Les appréhensions si vivement exprimées de Saint-Simon par lesquelles se trahit une ambition momentanément déçue, mais toujours ardente, celles, plus discrètement traduites, de Fénelon chez qui paraît dominer une mélancolique indifférence, ne devaient point se réaliser. Le dévouement de Beauvilliers à son ami, le bon esprit de Mme de Maintenon y furent pour beaucoup. Aussitôt le Duc de Bourgogne mort, Duchesne, son premier valet de chambre, avait remis au Roi la clef de la cassette où le Prince serrait ses papiers. Le dernier jour de février, le Roi vit pour la première fois le duc de Beauvilliers, que l’état de sa santé avait jusque-là retenu à la chambre, et il lui commanda d’apporter la redoutable cassette le lendemain soir, chez Mme de Maintenon.
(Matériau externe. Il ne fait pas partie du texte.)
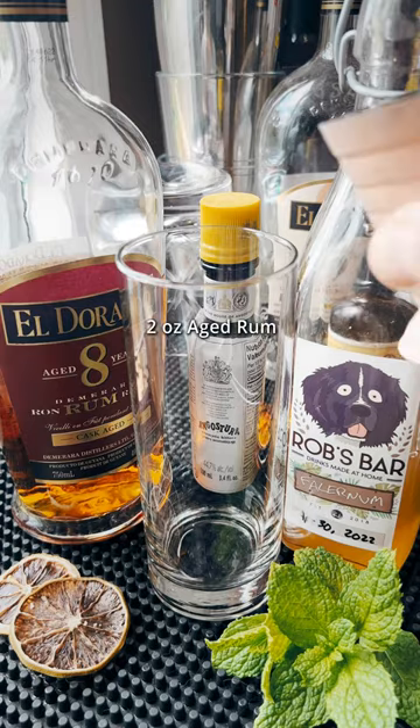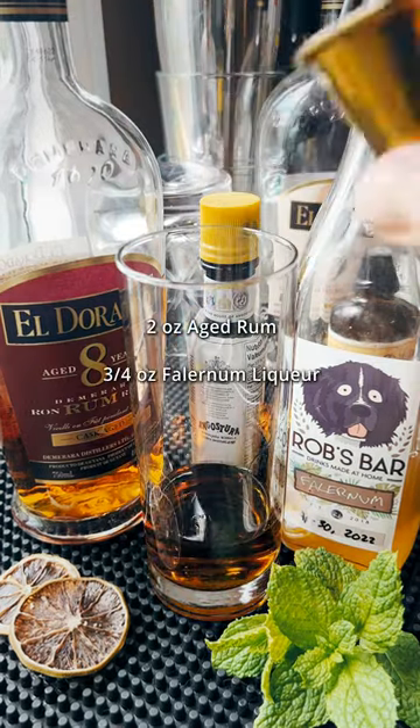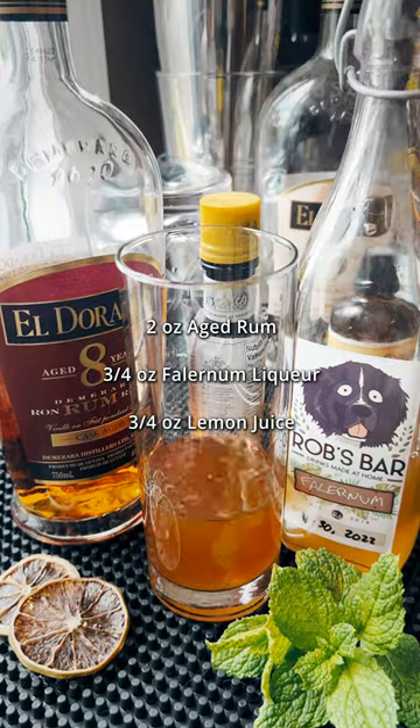Let's make the Central Standard Swizzle. We've got some aged rum using Eldorado 8, we've got falernum homemade, and lemon juice.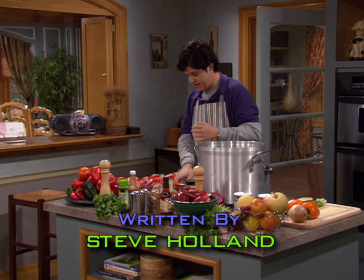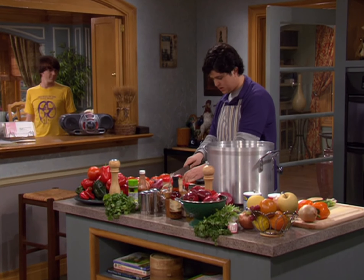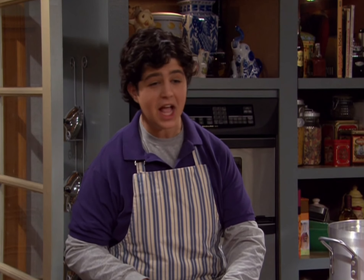Now begin cutting your tomatoes into small chunks. I call this chunking the tomato. Chunking the tomato.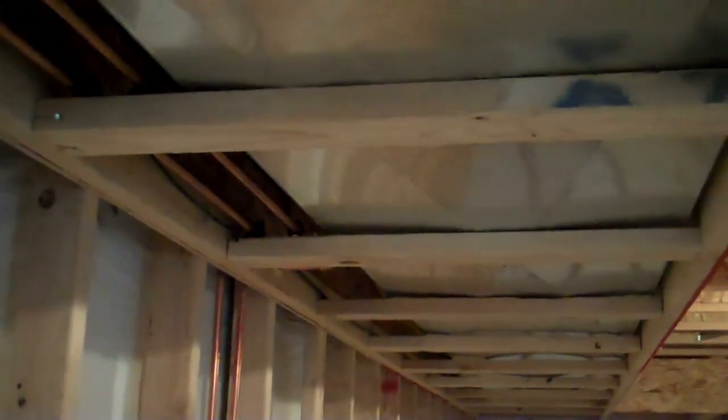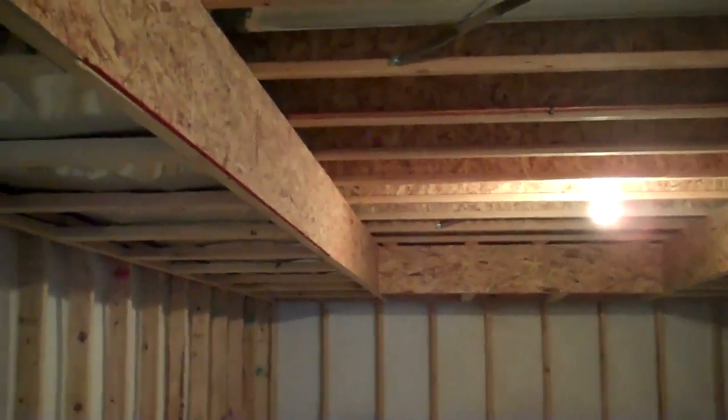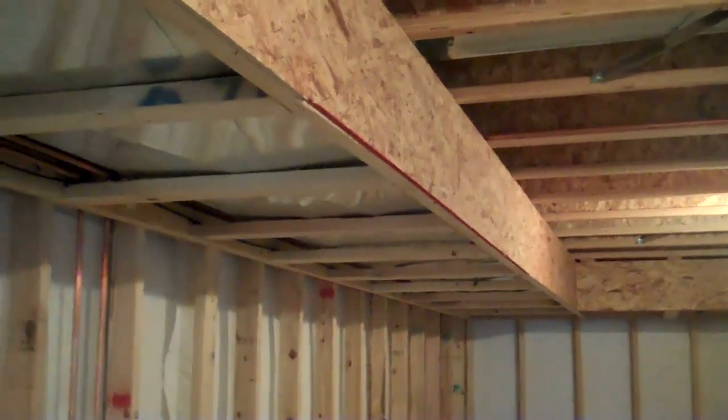We're going to put some drop. Remember, we had this trunk line that went right down the side of our room here. There are a couple ways we can handle that. First, we can move it, which usually we can't actually do. Second, we can go ahead and soffit around it and leave the rest of it open. Or we can do what we've decided to do in this situation, which is we've created a tray ceiling.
Saint-Simon, prévenu par Beauvilliers, passa toute la journée dans les transes. Beauvilliers lui avait promis que le lendemain, au sortir de chez Mme de Maintenon, il entrerait chez lui pour l’informer de ce qui se serait passé. « On peut juger, dit Saint-Simon, s’il fut attendu, et à portes bien fermées. » Avant même de s’asseoir, Beauvilliers le rassura d’un signe. Très habilement il avait commencé par lire au Roi « un fatras de toutes sortes de mémoires et de projets sur les finances et de quelques autres d’intendans de province » qui se trouvaient heureusement sur le haut de la cassette. Fatigué, le Roi lui avait dit bientôt de se borner à lire les titres des mémoires, puis, voyant qu’il n’y était question que de finances, il lui avait dit de tout jeter au feu. Beauvilliers ne se l’était pas fait dire deux fois et il s’était hâté de vider dans la cheminée le contenu de la cassette, en ayant soin de recouvrir avec d’autres paperasses le mémoire de la main de Saint-Simon, d’empêcher avec les

  1. Œuvres complètes de Fénelon. Édition de Saint-Sulpice, t. Vil D. 375.